Anonymous Monk has asked for the wisdom of the Perl Monks concerning the following question:

Venerable monks

Lets say i had a information about a set of lines. The information i have is the length of a line in terms of its position along the x axis. So for each line i have properties start_x and end_x

I also have information about a set or coordinates which just have the property x_pos which is their location on the x axis

Lets say i wanted to find out if any of the co-ordinates reside in any of the lines. This result could be represented by a notional property of the coordinate called isWithinLine

What is the best way of finding if a coordinate is within a line? All of my data is in a database and can be loaded into any perl structures you recommend. I have tried doing this within a database using sql and it is very very slow.

Please bear in mind I am only a part-time perl programmer and have limited knowledge of the extent of all perls features. I'm more than happy to look them up if you could point me in the right direction.

thanks a lot
  • Comment on fast way of working with numerical positions

Replies are listed 'Best First'.
Re: fast way of working with numerical positions
by moritz (Cardinal) on Apr 27, 2011 at 15:02 UTC
    My replies to Optimizing a double loop show how a very similar problem can be solved with inversion lists in perl. However
    I have tried doing this within a database using sql and it is very very slow.

    makes me think that what you really need is a suitable index over the columns you are searching.

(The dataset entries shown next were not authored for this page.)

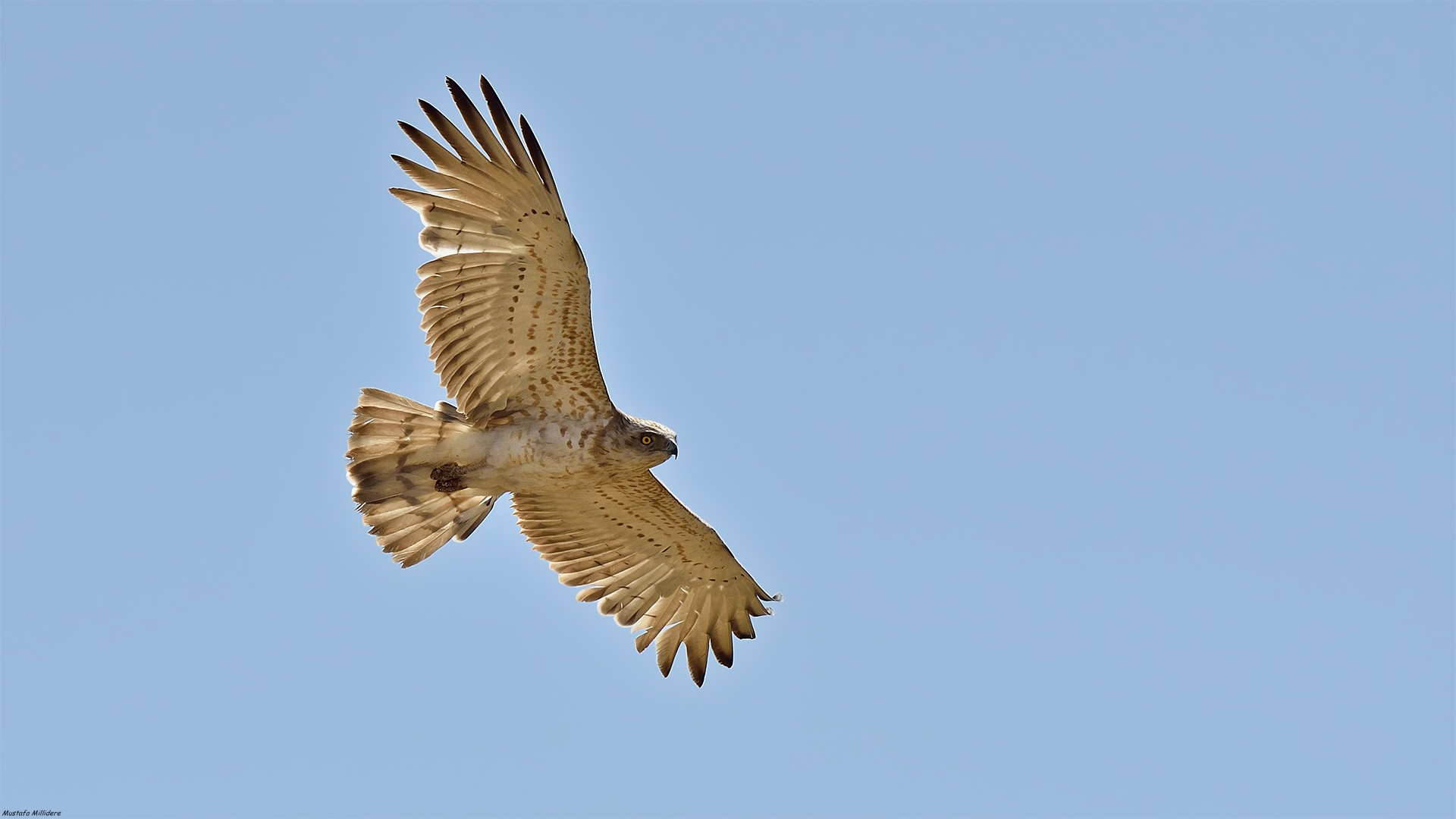 Yılan kartalı » Short-toed Snake Eagle » Circaetus gallicus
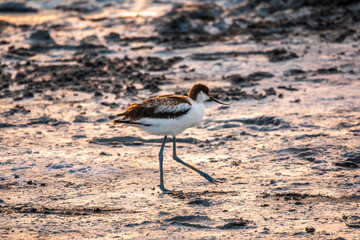 Water bird pied avocet, Recurvirostra avosetta, standing on salt lake shore in pink sunset light....
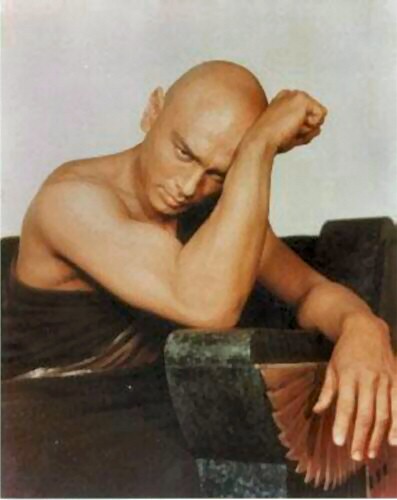 shemale lips gay pic forums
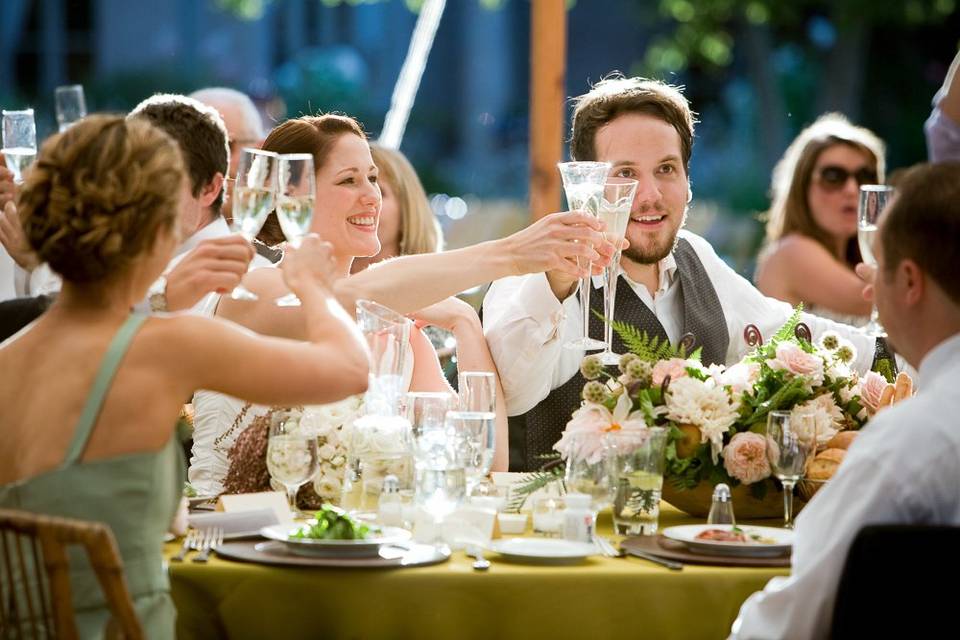 The wedding party toasting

Re: fast way of working with numerical positions
by runrig (Abbot) on Apr 27, 2011 at 14:47 UTC
    Search on CPAN for IntSpan. Something there should work for you I think (though if your numbers are not integers, you might have to scale them to be integers). I haven't used any of them, so I can't recommend anything. Array::IntSpan or Set::IntSpan perhaps. Or maybe one that claims to be "::Fast" :-)
Re: fast way of working with numerical positions
by chrestomanci (Priest) on Apr 27, 2011 at 15:04 UTC

    You say co-ordinates, but you only mention an X axis. Are you working in a 1 dimensional co-ordinate system, or is it a 2 or 3 (or more) dimensional system?

    If you are working in more than one dimension, then you will find that an arbitrary point will rarely be exactly on an arbitrary line due to floating point precision issues. Instead you will need to test how close the point is to the line. There are a number of mathematical ways to do that. Off the top of my head an easy way would be to work out the area of the triangle composed of the point and lines's endpoints and then divide that by the line's length. That will give you half the distance of the point from the line.

    If you are working in only one dimension then a simple numerical comparison should suffice:

    say "point is on line" if( point_x >= line_start && point_x <= line_end )
Re: fast way of working with numerical positions
by BrowserUk (Patriarch) on Apr 27, 2011 at 16:26 UTC

    I don't believe we can offer you an efficient solution based on that scant information, without asking a few questions:

    • Are your coordinates integers or floating point values?
    • What is the minimum/maximum range of your coordinate space?
    • How many pairs of line coordinates are you dealing with?
    • How many single positions will you need to look up?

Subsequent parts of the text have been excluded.